Ecoute des réseaux sociaux par le fisc : « le texte ne semble pas conforme au RGPD » pour le cabinet Debouzy

L'Assemblée nationale examinera l'article 57 du projet de loi de finance

En l’état, l’article 57 du projet de loi de finance relatif à la collecte de données personnelles sur les réseaux sociaux et les plateformes e-commerce afin de détecter les cas de fraude ne semble pas conforme au RGPD pour Florence Chafiol, avocate au cabinet August Debouzy.

« Une analyse d’impact devra être réalisée et la Cnil peut faire usage de ses pouvoirs de sanction »

Question : le texte du gouvernement répond-il aux exigences du droit européen et en particulier au RGPD ?
Florence Chafiol : en l’état, le texte ne semble pas conforme aux exigences du RGPD.  La Cnil a émis des réserves concernant la mise en œuvre de ce traitement de données d’un nouveau genre et ce n’est qu’à la lecture de l’analyse d’impact relative à la protection des données à caractère personnel (AIPD) qui devra être nécessairement rédigée qu’il sera permis de se prononcer de manière définitive.
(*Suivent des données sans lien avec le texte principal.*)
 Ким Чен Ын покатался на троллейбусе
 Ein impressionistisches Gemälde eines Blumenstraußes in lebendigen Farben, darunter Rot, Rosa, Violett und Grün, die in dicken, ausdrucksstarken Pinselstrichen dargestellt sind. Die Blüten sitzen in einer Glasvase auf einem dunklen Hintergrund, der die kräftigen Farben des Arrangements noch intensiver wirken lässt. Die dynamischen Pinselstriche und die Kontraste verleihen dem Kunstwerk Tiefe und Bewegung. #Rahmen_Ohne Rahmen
A noter que si l’autorité de contrôle estime que le traitement présente un risque pour les personnes concernées et que le responsable de traitement n’a pas suffisamment atténué le risque, elle peut émettre un avis écrit et faire usage de ses pouvoirs de sanction.


Question : ce texte respecte-t-il les libertés publiques et la vie privée ?
Florence Chafiol : ces traitements sont susceptibles de porter atteinte aux droits et libertés des personnes concernées comme l’a souligné la Cnil dans sa délibération du 12 septembre 2019. En effet, les personnes concernées ne peuvent raisonnablement pas s’attendre à ce que leurs données soient utilisées à de telles fins. De plus, la collecte de l’ensemble des contenus librement accessibles publiés sur internet est susceptible de modifier le comportement des internautes et aboutir à une forme d’autocensure.

Florence Chafiol, avocate au cabinet August Debouzy [Photo Club des juristes]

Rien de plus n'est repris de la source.